Christopher Gilligan, director of Brigham and Women’s Spine Service Line and associate chief medical officer of Brigham and Women’s Hospital (Boston, USA) talks to Spinal News International about restorative neurostimulation and how this technology can help treat those patients who suffer chronic low back pain.

What is restorative neurostimulation?

Restorative neurostimulation stimulates the multifidus muscle, which is the strongest stabilising muscle of the lumbar spine. The point here is that patients who have severe refractory chronic low back pain often have inhibition of that muscle. Consequently, they have a loss of neuromuscular control of their spine and a loss of functional spine stability. By using an implanted neurostimulator—that they turn on for 30 minutes twice a day—they are stimulating the multifidus, causing contractions, overcoming that inhibition, restoring their neuromuscular control and their functional spinal stability, and in that way, getting a reduction in pain and a reduction in disability.

What is the ReActiv8-B trial?

We studied a total of 204 patients at 26 centres around the world: Four in Australia, six in Europe and 16 in the USA. Our patients, on average, had 14 years of severe, refractory chronic low back pain. They had been to, on average, 31 physical therapy sessions and had all tried medications. In fact, more than a third (37%) of our patients started the study on opioid pain medications for their low back pain. None of our patients had prior spine surgery and all of our patients also had, on physical examination, signs of dysfunction in their multifidus muscle. We then implanted all of those patients and have followed them out to 36-months.

What were the key three-year results that you presented at the 2022 DWG-Kongress (7–9 December; Berlin, Germany)?

Key three year results that we presented include the fact that patients started on average with a pain score of 7.3. This is severe pain. However, after 36 months of stimulation, on average, their pain score was 2.3, which is mild pain. When it comes to disability, our patients on average started at 39 on the Oswestry Disability Index (ODI). That is right where moderate meets severe disability. After 36 months of stimulation, they were at 16 on average, and that is mild disability.

Finally, for health care related quality of life, after 36 months of stimulation, on average our patients had an EQ-5D score that was approximating a normal healthcare related quality of life for a similar population. When it comes to opioids, 49% of the patients on opioids voluntarily eliminated them and 22% voluntarily reduced them.

How significant are these results?

The main takeaway message from our research is that for patients with severe, refractory, mechanical, chronic low back pain, with signs of multifidus muscle dysfunction, if they haven’t had surgery and do not have an indication for surgery, we think that we have demonstrated an effective, safe therapy that may be an option for many of them. Our effectiveness results are really quite robust after 36 months, and we have seen excellent safety results as well.

What next?

The next steps in the research are that we are conducting a trial called the Restore trial. In that trial we are comparing this implanted restorative, or disease-modifying, stimulator to optimal medical management. So comparing a group of patients who are randomised either to get the neurostimulator or to get optimal medical management and compare the results between those two groups.

 

Chris Gilligan, MD, MBA, is associate chief medical officer and a pain medicine physician in the Division of Pain Medicine. In his administrative role, Gilligan is charged with leading hospital-wide initiatives in perioperative and periprocedural services that redesign the delivery of care to improve patient outcomes, clinician and patient satisfaction and operational effectiveness. Areas of focus include quality and safety, teamwork and professionalism, and operational performance.

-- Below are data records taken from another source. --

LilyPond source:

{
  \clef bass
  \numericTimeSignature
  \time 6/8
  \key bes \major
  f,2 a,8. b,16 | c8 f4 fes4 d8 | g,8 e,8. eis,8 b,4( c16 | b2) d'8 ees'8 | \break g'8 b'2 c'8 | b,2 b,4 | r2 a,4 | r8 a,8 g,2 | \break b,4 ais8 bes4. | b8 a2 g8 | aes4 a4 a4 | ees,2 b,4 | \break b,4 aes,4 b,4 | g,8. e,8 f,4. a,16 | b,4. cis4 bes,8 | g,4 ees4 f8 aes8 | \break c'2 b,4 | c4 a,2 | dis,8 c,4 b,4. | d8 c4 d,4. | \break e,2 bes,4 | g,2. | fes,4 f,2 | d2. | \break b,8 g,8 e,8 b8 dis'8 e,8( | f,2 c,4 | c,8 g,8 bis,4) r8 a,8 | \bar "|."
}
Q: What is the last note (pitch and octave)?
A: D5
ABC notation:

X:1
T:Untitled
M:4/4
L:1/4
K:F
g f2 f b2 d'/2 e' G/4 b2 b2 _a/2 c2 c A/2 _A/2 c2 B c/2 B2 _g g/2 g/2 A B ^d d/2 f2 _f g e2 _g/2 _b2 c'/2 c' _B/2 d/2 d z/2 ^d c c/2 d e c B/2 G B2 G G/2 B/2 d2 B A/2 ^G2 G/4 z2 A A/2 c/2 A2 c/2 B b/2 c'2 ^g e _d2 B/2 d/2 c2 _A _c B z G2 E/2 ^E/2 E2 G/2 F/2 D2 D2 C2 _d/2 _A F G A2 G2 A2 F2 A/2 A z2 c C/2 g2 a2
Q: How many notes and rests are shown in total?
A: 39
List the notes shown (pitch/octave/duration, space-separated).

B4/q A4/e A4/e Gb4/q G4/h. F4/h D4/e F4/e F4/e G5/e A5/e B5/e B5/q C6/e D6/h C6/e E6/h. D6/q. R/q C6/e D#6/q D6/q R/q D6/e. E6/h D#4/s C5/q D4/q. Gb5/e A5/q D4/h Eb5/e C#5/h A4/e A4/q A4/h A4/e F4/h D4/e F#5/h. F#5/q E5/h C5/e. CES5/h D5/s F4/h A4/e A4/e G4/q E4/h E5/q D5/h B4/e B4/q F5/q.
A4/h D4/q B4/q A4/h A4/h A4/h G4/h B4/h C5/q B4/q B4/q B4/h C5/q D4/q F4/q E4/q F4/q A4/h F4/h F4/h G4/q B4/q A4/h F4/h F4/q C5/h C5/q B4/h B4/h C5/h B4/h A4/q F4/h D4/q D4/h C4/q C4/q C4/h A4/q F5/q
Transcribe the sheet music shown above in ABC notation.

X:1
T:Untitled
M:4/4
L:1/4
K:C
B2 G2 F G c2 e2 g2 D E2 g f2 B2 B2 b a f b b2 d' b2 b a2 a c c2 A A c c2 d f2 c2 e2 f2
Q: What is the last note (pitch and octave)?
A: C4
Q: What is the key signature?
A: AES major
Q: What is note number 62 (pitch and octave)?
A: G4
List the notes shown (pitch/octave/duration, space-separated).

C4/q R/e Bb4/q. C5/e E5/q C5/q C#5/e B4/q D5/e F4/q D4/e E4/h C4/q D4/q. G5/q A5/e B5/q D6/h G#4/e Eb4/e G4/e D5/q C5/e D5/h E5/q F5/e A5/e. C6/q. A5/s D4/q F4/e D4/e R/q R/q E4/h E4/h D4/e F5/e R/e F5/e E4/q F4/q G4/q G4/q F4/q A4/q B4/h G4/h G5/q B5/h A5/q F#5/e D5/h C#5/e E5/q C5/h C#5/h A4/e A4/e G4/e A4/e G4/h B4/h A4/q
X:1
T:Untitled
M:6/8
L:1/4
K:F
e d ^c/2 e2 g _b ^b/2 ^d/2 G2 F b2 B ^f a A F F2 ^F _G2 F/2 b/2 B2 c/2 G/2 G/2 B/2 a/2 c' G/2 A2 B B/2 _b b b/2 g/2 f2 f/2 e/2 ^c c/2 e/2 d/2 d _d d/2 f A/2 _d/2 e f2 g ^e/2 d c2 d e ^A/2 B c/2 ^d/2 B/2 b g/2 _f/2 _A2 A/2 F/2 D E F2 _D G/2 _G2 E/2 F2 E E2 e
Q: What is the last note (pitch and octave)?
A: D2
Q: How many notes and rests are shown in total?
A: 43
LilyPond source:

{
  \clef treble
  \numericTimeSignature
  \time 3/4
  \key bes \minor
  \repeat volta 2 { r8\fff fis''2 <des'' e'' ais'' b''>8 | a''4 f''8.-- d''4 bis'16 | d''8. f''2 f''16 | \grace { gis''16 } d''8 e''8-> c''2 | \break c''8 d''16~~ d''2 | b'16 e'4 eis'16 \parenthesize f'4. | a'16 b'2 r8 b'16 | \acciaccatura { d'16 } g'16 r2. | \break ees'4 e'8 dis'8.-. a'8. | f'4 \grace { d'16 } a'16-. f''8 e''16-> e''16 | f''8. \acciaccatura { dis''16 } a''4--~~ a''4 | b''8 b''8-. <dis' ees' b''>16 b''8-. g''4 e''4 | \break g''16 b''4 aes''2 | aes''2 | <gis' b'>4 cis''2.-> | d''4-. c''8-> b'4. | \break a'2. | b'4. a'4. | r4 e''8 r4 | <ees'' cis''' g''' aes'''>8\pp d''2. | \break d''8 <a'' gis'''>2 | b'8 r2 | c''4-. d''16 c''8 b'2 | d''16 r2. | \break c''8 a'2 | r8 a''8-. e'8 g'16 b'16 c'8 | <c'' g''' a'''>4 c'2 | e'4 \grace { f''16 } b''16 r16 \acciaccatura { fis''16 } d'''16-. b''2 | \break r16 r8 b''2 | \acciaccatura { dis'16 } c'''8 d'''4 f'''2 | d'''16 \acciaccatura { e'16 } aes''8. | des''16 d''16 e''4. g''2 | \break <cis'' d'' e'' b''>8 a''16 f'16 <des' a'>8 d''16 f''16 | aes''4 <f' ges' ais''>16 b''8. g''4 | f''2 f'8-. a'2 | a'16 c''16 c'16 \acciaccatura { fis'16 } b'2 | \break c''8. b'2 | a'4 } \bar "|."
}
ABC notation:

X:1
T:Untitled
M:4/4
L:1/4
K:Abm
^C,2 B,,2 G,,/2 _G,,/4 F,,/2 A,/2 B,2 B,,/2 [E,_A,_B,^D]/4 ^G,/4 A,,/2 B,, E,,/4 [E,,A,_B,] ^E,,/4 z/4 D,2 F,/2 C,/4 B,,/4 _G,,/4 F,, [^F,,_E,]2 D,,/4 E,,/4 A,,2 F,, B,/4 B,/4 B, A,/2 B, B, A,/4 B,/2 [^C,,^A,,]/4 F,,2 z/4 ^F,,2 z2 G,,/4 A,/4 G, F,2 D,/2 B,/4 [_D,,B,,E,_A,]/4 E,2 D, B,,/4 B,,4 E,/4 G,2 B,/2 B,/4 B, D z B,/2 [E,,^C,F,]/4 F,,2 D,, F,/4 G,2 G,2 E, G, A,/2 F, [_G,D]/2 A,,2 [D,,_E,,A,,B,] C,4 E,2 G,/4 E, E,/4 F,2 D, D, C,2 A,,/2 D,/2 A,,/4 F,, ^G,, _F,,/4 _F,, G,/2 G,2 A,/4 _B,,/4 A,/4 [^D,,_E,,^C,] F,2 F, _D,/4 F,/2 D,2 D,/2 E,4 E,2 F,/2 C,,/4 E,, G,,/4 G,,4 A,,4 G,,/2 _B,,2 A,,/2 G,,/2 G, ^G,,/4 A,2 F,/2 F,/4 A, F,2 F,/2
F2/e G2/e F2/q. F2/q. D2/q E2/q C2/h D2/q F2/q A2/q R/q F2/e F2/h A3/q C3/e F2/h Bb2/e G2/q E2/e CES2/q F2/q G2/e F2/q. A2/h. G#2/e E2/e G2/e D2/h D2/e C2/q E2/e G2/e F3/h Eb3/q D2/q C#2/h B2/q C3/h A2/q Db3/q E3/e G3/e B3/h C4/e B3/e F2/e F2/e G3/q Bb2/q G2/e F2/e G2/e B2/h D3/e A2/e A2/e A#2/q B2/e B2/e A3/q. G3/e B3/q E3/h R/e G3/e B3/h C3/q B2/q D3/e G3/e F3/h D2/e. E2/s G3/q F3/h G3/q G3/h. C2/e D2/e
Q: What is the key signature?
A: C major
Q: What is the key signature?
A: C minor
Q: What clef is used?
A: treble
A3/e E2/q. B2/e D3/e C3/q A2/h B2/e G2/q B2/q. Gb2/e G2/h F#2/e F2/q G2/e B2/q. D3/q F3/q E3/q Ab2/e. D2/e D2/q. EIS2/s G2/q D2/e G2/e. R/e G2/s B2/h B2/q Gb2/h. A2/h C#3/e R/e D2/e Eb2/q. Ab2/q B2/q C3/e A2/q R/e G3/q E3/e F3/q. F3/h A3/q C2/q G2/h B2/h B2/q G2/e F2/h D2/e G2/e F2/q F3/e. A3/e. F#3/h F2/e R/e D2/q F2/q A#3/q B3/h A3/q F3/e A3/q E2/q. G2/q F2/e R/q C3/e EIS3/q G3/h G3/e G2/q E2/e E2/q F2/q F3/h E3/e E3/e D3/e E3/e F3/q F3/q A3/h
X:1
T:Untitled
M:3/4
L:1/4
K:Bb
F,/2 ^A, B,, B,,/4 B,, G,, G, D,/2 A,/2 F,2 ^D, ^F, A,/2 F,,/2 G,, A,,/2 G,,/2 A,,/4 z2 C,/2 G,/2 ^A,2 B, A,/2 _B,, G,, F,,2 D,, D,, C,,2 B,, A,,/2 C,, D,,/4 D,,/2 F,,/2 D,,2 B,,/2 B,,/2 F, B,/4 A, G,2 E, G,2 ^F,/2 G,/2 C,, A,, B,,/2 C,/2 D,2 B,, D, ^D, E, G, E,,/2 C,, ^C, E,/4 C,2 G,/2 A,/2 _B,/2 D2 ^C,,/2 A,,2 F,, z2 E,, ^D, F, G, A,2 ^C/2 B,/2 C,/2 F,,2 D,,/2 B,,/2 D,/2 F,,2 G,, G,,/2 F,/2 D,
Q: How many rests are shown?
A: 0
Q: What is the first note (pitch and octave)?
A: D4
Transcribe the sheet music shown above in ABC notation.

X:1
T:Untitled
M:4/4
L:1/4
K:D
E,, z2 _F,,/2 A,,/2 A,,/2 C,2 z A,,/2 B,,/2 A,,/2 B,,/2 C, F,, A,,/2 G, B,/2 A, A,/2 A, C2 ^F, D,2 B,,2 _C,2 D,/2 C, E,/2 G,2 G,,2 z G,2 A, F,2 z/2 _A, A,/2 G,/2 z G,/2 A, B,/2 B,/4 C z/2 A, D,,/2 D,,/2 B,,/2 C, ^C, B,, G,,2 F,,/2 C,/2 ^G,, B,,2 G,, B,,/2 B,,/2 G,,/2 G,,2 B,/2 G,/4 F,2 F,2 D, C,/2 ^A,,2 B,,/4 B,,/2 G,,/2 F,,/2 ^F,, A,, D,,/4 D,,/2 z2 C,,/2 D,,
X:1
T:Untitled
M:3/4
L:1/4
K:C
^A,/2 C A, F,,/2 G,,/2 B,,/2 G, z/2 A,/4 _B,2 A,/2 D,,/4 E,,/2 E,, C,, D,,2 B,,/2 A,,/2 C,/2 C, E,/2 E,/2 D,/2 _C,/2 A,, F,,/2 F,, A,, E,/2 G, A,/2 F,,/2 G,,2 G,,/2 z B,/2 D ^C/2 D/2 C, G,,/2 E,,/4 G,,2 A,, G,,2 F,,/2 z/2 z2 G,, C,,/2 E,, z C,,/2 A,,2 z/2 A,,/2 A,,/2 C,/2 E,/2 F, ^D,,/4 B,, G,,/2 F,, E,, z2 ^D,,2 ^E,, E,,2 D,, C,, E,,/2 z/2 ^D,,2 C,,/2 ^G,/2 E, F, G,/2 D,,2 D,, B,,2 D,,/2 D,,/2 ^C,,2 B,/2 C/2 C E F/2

He began his career at Brigham and Women’s Hospital in 1997 as a resident in General Surgery and Emergency Medicine. He then completed a fellowship in Pain Medicine at Massachusetts General Hospital and earned a Master’s in Business Administration from Harvard Business School. He also serves as the director of the Brigham and Women’s Spine Center. He remains clinically active, and continues to conduct clinical trials, and teach and mentor fellows, residents and students.

References:

Gilligan, C., Volschenk, W., Russo, M. et al (2023) “Three-year durability of restorative neurostimulation effectiveness in patients with chronic low back pain and multifidus muscle dysfunction,” Neuromodulation: Technology at the Neural Interface, 26(1), pp. 98–108. Available at: https://doi.org/10.1016/j.neurom.2022.08.457.

Russo, M., Deckers, K., Eldabe, S. et al (2018) “Muscle Control and non-specific chronic low back pain,” Neuromodulation: Technology at the Neural Interface, 21(1), pp. 1–9. Available at: https://doi.org/10.1111/ner.12738.

Mitchell, B., Deckers, K., De Smedt, K. et al (2021) “Durability of the therapeutic effect of restorative neurostimulation for refractory chronic low back pain,” Neuromodulation: Technology at the Neural Interface, 24(6), pp. 1024–1032. Available at: https://doi.org/10.1111/ner.13477.

Deckers, K., De Smedt, K., Mitchell, B. et al (2018) “New therapy for refractory chronic mechanical low back pain—restorative neurostimulation to activate the lumbar multifidus: One year results of a prospective Multicenter Clinical Trial,” Neuromodulation: Technology at the Neural Interface, 21(1), pp. 48–55. Available at: https://doi.org/10.1111/ner.12741.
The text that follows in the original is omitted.